LONDON, March 29, 2012 /PRNewswire/ --
Economic recovery is massively dependent upon a strong logistics industry and for many transport operators, the prospect of a 3ppl fuel duty increase in five months time is unthinkable.
"Despite the warnings, we are currently seeing long queues form at filling station forecourts as road users ensure their tanks are full," said RHA Chief Executive Geoff Dunning. "And this at a time when no official tanker driver strike has been confirmed. This panic buying, while not only jeopardising fuel stocks for essential users of fuel, is providing a vast and unforeseen boost to Treasury coffers in fuel duty alone."
The reasoning behind this is as follows …
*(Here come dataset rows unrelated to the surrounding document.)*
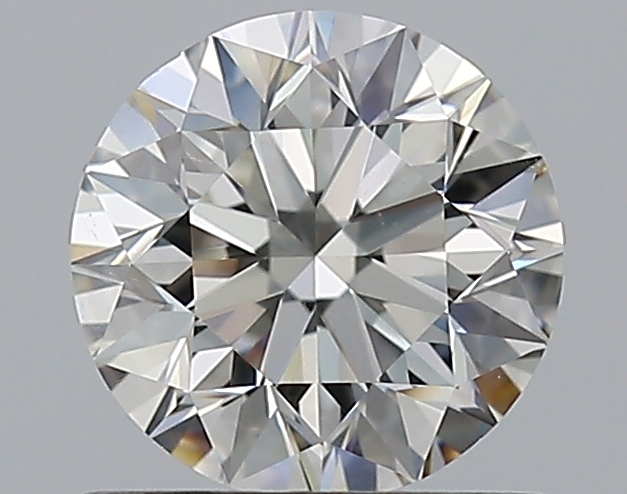 Round 0.9 ct I SI1
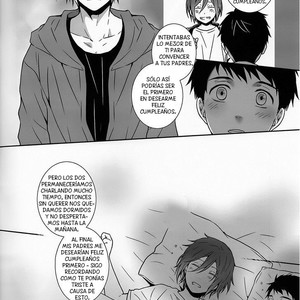 [ALPHA PLUS (Hizuki Mai)] Boy meets boy – Free! dj [Español] – Gay Comics image 007.jpg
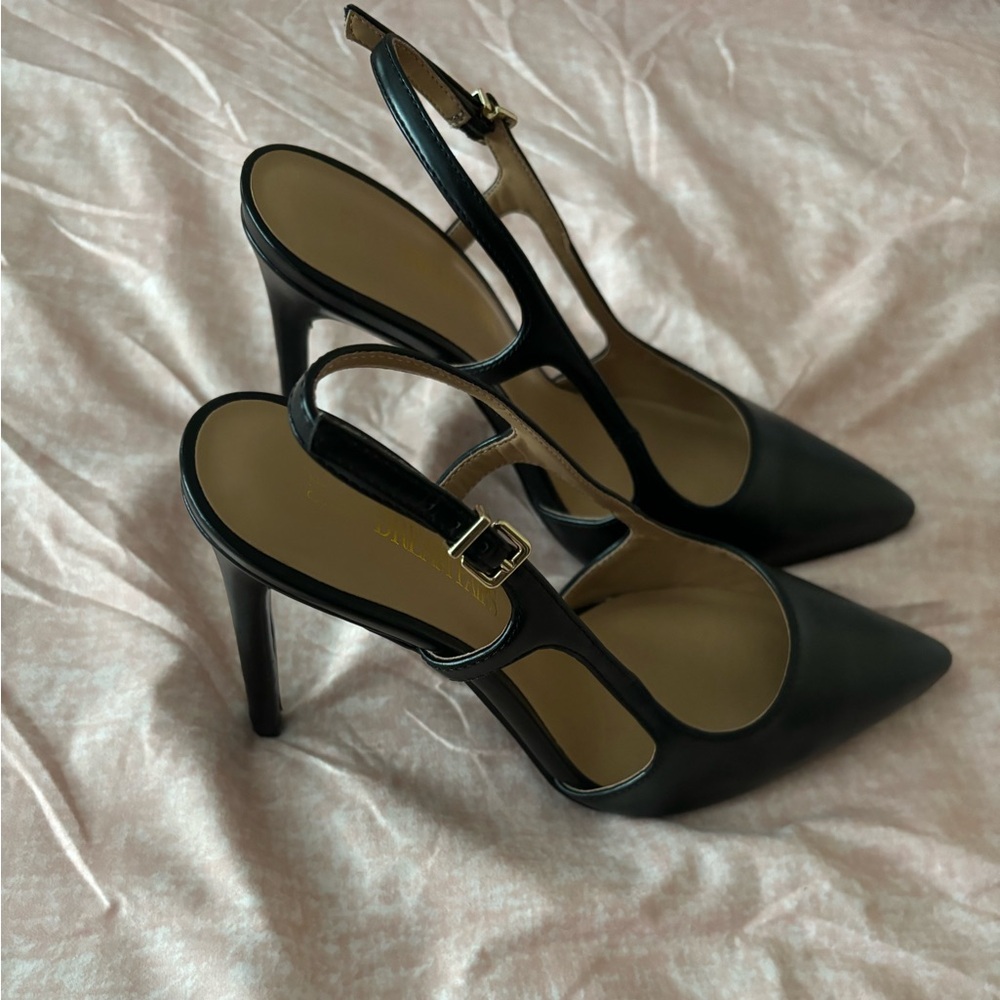 Black High Heels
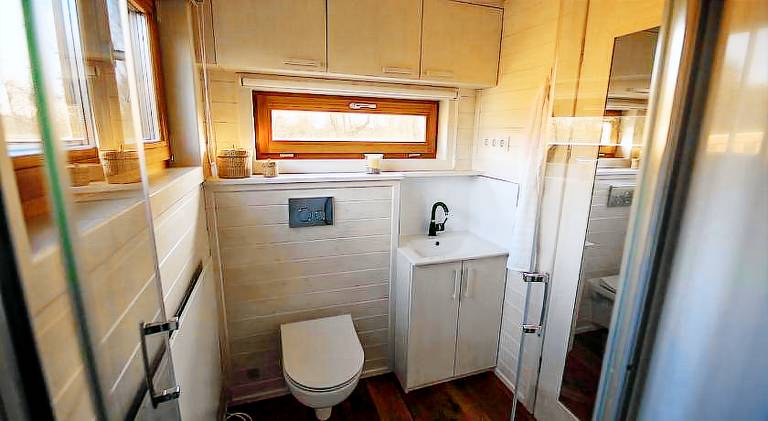 29 m&sup2; Ferienhaus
Road users are currently being told to keep their tanks topped up. The average UK car fuel tank takes 60 litres of fuel so, based on a conservative estimate, this 'topping up' will account for an additional 20 litres of fuel. With fuel duty currently standing at 57.95 ppl, the motorist will therefore be paying an extra £11.59 even before the price of the fuel, VAT and other costs have been factored in.
On 30 September 2011, 28.6 million cars were licenced for use on UK roads. So once again, based on a conservative estimate of 25 million cars, this would amount to a rapid fuel duty income of £289.7 million. The revenue from other road users, including road transport operators, will push this figure even higher.
On that basis, surely there can be no reason to see a duty rise in August.